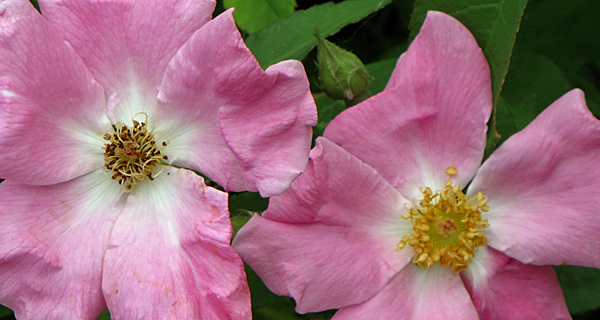 Rugosa rose reference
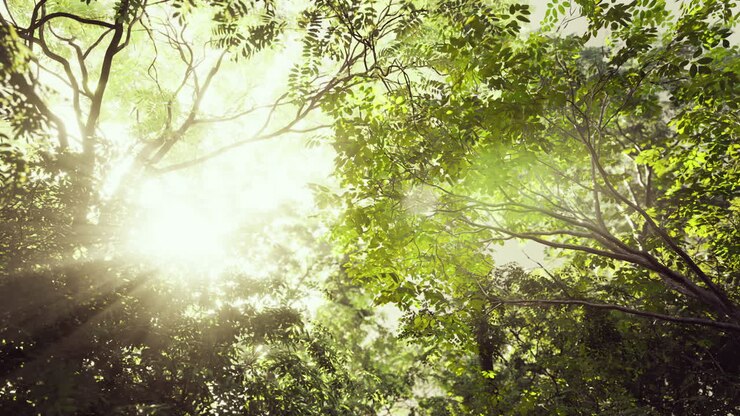 Sun shining through the trees in a forest
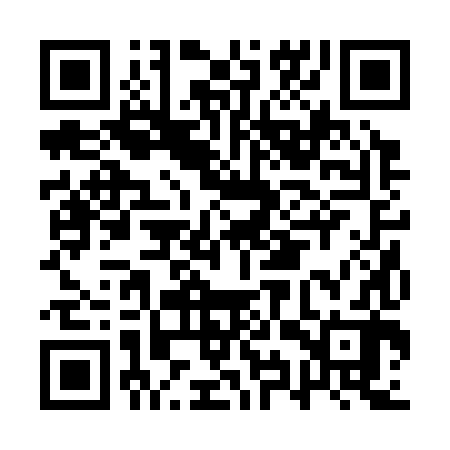 QR code for AYR382
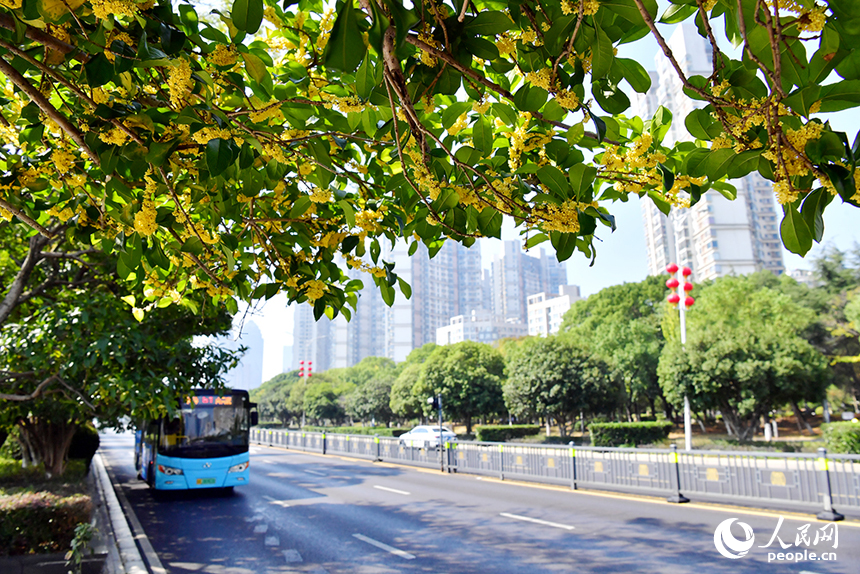 连日来，南昌市红谷滩区赣江大道两侧的桂花竞相绽放。人民网记者 时雨摄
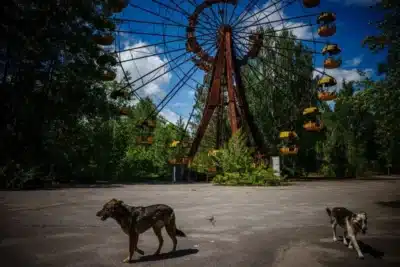 Cães de Chernobyl: Novas Descobertas Genéticas Surpreendem Cientistas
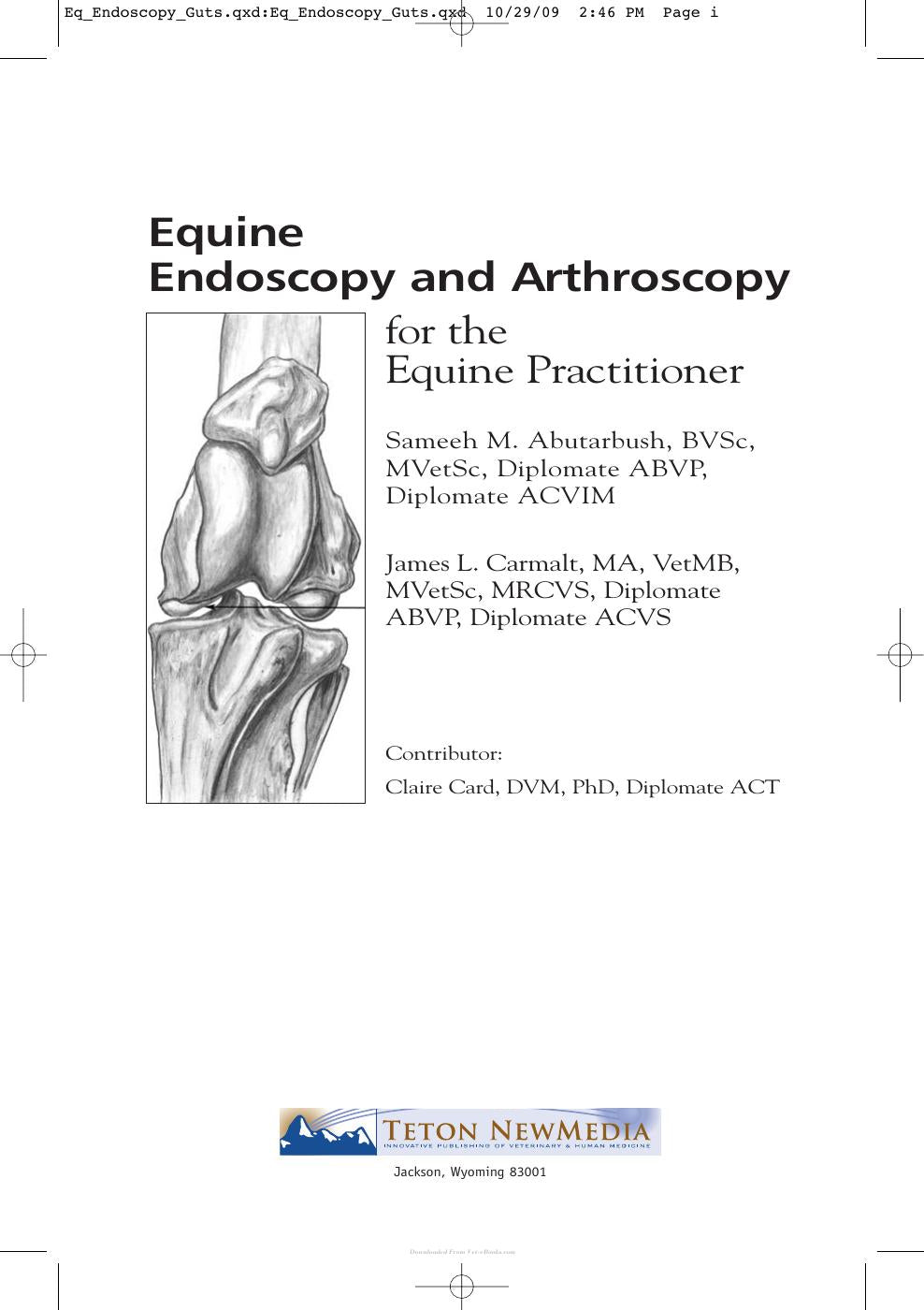 Equine Endoscopy And Arthroscopy For The Equine Practitioner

--------------------------------------------------

Restate the listing above word for word and skip each picture.

 Rugosa rose reference
 Sun shining through the trees in a forest
 QR code for AYR382
 连日来，南昌市红谷滩区赣江大道两侧的桂花竞相绽放。人民网记者 时雨摄
 Cães de Chernobyl: Novas Descobertas Genéticas Surpreendem Cientistas
 Equine Endoscopy And Arthroscopy For The Equine Practitioner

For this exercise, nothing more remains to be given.